I was born in 1980. My mother told me stories of the discrimination she faced as a young women and promised it would be different for me. But for just under the first third of my life it was perfectly legal for a man to rape his wife in the country and culture that I grew up in. Marital rape has only been considered to be a crime since 1991. When I was a teenager, the bare breasts of 16 and 17 year old girls were commonplace on page 3 of the Sun for the delectation of the straight male gaze. That newspaper even thought it proper to print a countdown to Charlotte Church’s 16th birthday, when she would finally be of legal age to have sex with. Before the age of 18 I had been groped and flashed at on more than one occasion. Since becoming an adult I have been had my arse grabbed, tits squeezed, experienced upskirt shots on public transport, unwanted fingers of random strangers shoved between my legs, and on one occasion inside my vagina, been threatened with rape, orally, anally and vaginally, by random men so many times I can’t even remember the final tally. And my experiences are not uncommon. They are normal. Ask any woman in the UK and you would be hard pushed to find someone who at the very least hasn’t suffered from a single event of your average everyday sexual assault.

This is rape culture.

We live in a society where a woman’s worth is based on her looks and perceived sexual attractiveness is considered the most important asset we possess.

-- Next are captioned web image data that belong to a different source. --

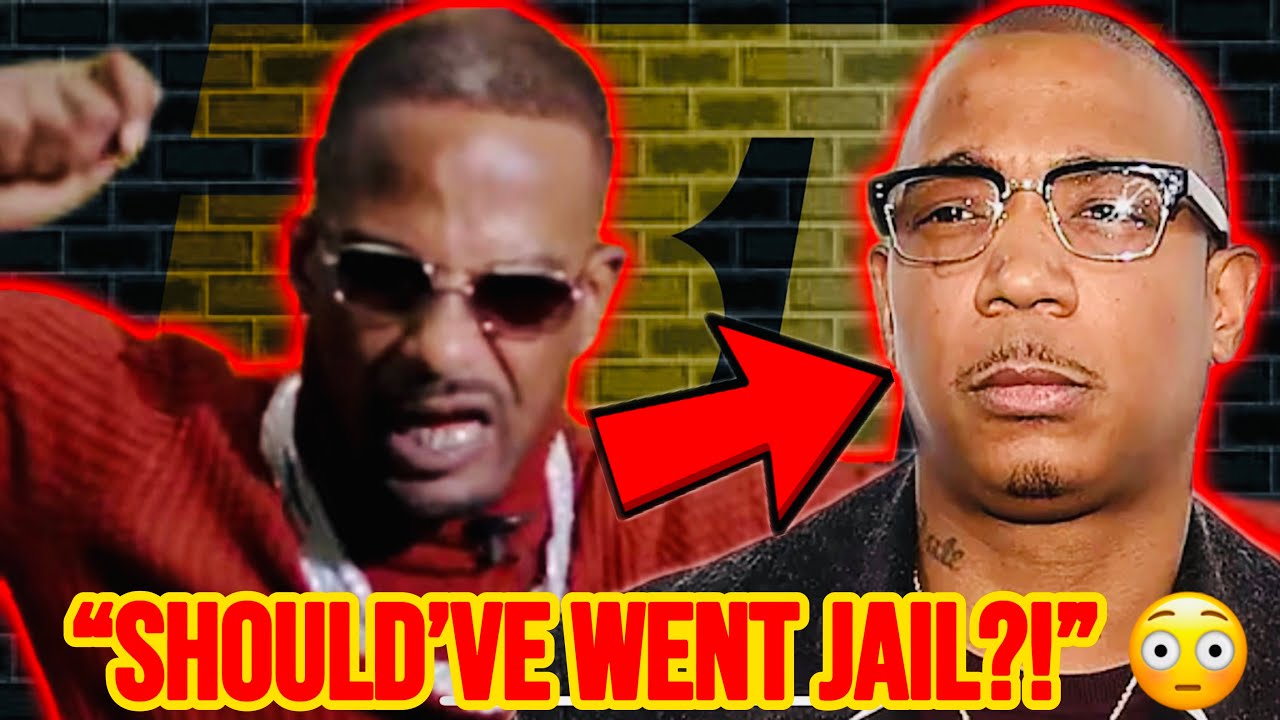Charleston White: “Ja Rule SHOULD’VE Went to Jail on the Plane”?! 😳 | My Reaction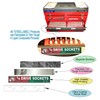 Ultimate Magnetic Toolbox Label organizer set for tool chest, boxes,
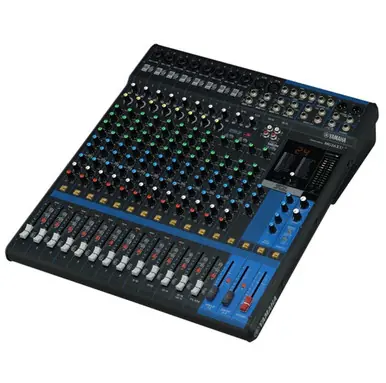 Bargain Yamaha MG16XU 16-Channel MG Series Analog Mixer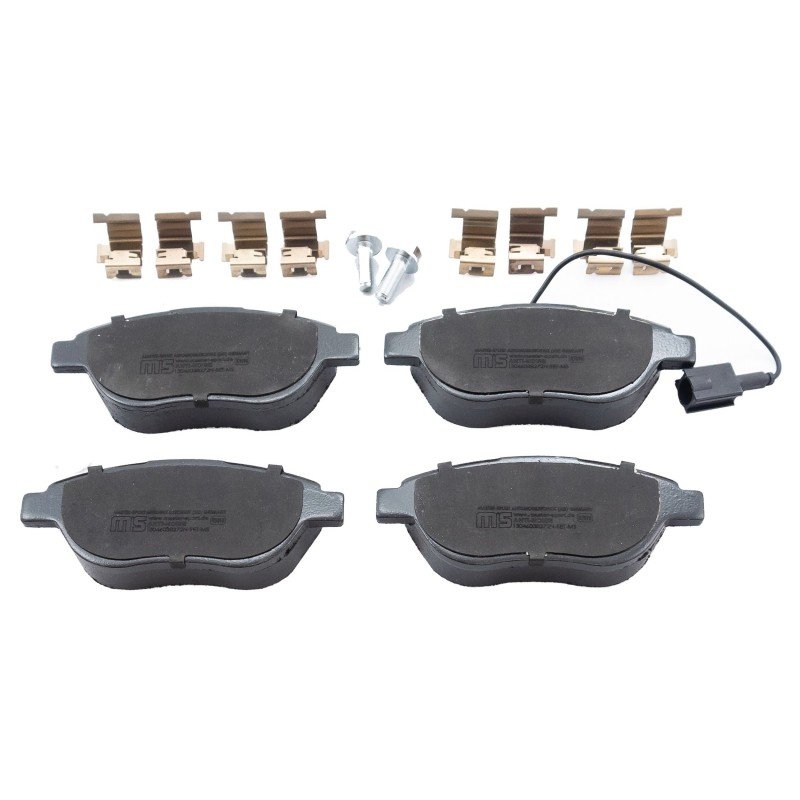Brake Pad Set MASTER-SPORT 13046038272N-SET-MS OE Ref 51928528 MASTER SPORT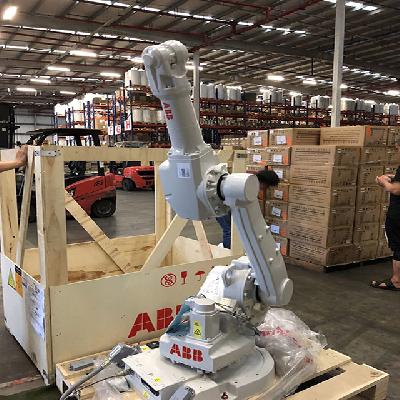 ABB IRB 460 Palletizing Robot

The internet has opened up a Pandora’s Box of misogyny. Revenge porn, where women’s lives are ruined by their exes posting sexual videos and photos of them on the internet, is not even considered a crime in the UK. We are only a click away from seeing images of violent, hardcore pornography, where women are degraded, spat on, insulted, hit, their every orifice stuffed with cocks. If consenting adults want to watch this, that’s fine by me, as they hopefully have the ability to make a distinction between fantasy and real life, but there are a generation of children and young people growing up with these sorts of images of sex and women as their main form of sex education. And we should all find that deeply worrying. If you don’t think that images can affect our perceptions of life, then why is advertising a billion pound global industry? Women in the public eye, especially feminists, are faced with a daily torrent of abuse online, including rape and murder threats. Feminists are slated by the media and online commentators for championing so-called trivial causes, like having a woman’s face on a £10 note, or objecting to bare breasts in newspapers. What these critics fail to appreciate is that the UK is still a deeply sexist society, as a UN human rights expert concluded earlier this year, and we live in a culture where women are still considered lesser than men in a myriad of subtle and not so subtle ways. We have a mountain to climb until women achieve equality, and every battle, however small, is worth fighting, so we can dismantle this discrimination, piece by piece. Because a culture of sexual objectification of women and girls, where one gender is perceived as lesser, a society where it’s normalised to see people who have vaginas as sluts and slags and bitches and hoes, all adds fuel to the fire of the perception of a woman’s body as something to be groped and penetrated whether she consents or not. This a culture that allows dreadful situations like Rotherham to occur. And unless we fight against it, and admit our failings as a society and how far we have to go, these travesties against women and young girls will continue.

This is my culture. This is your culture. This is British culture. And this is rape culture.